Watching the weather forecast helped make our departure decision easy. The best crossing day was Monday which meant we needed to be at Great Sale Cay by late Sunday afternoon.
We had left Marsh Harbor in brisk winds out of the northeast. We had not heard a “Whale” report but knew it would be tough. Since we were towing our dinghy we stopped at Bakers Bay just prior to entering the Atlantic to hoist the dink to the flybridge. No easy task in the now 20 knot + winds. Approaching the Whale we got a call on 16 from a sailboat a few miles behind us. They wanted to know what we saw ahead. We were too far off to offer any immediate advice.

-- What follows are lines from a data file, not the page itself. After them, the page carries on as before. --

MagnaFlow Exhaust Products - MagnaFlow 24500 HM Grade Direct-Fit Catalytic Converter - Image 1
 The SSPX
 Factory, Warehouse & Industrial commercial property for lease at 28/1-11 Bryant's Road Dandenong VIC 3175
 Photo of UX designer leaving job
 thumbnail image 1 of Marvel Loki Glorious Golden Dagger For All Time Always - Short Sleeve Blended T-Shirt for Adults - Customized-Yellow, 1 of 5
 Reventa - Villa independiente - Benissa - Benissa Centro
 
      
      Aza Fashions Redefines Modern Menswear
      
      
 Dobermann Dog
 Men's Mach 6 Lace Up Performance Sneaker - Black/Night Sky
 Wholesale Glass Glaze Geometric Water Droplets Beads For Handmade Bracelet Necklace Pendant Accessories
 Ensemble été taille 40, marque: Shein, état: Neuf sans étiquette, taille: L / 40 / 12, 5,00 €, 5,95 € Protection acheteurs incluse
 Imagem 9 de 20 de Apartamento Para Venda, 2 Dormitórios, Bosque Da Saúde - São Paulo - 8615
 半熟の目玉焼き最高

The cut or “Whale Cay passage” has experienced more boating deaths and accidents than all other Bahamas locations combined. It is not to be underestimated. As we made the turn to port from the Atlantic to approach the center of the cut we could see short, steep seas but they were not breaking. An outgoing tide with an hour left to slack did not help. We surfed through the cut safely but it was rough. We radioed back our experience to the sailboat behind. Once through, sea conditions improved and we made Green Turtle by mid afternoon.
Great Sale Cay is a popular jumping off spot for the states. It is a 60 mile trip to Great Sale from where we were anchored at Green Turtle Cay. The ride was spectacular with bright blue skies and perfect northeast winds. We passed two trawlers heading east and then a Gozzard sloop passed all of us.
Of course we tried our hand at fishing and had great success. Our first catch was easily bested by our largest catch of the trip. We took turns reeling it in and was just in the process of bring it on board when the leader snapped. You can see below the size of the Mackerel we “had” on the line.
We left from Great Sale Cay at midnight on Sunday. The weather forecast was perfect, and spot on, and we crossed the Little Bahama Bank in the inky blackness. Our radar tracked two other boats all night long nine miles off our position and going in the same direction. We did not catch a glimpse of them till well after daybreak.
We made the edge of the bank around dawn. The ride had been incredibly smooth throughout the night and only got a little bouncy when we entered the gulf stream. Winds from the east kept the seas flat.
Along the way we decided to try our hand at fishing one last time before our late afternoon approach to Fort Pierce. And we got a great strike.
We entered the Fort Pierce inlet at 5PM and anchored for the night just south of Harbor Isle. At 8AM we pulled into the lift slip at Cracker Boys Marina and their new 75 ton remote travel lift easily plucked us from the water. We expect to be one week on the hard getting the bottom painted, fluids changed and other minor work before we splash and head to St Simons GA for a six week layover at Morningstar Marina.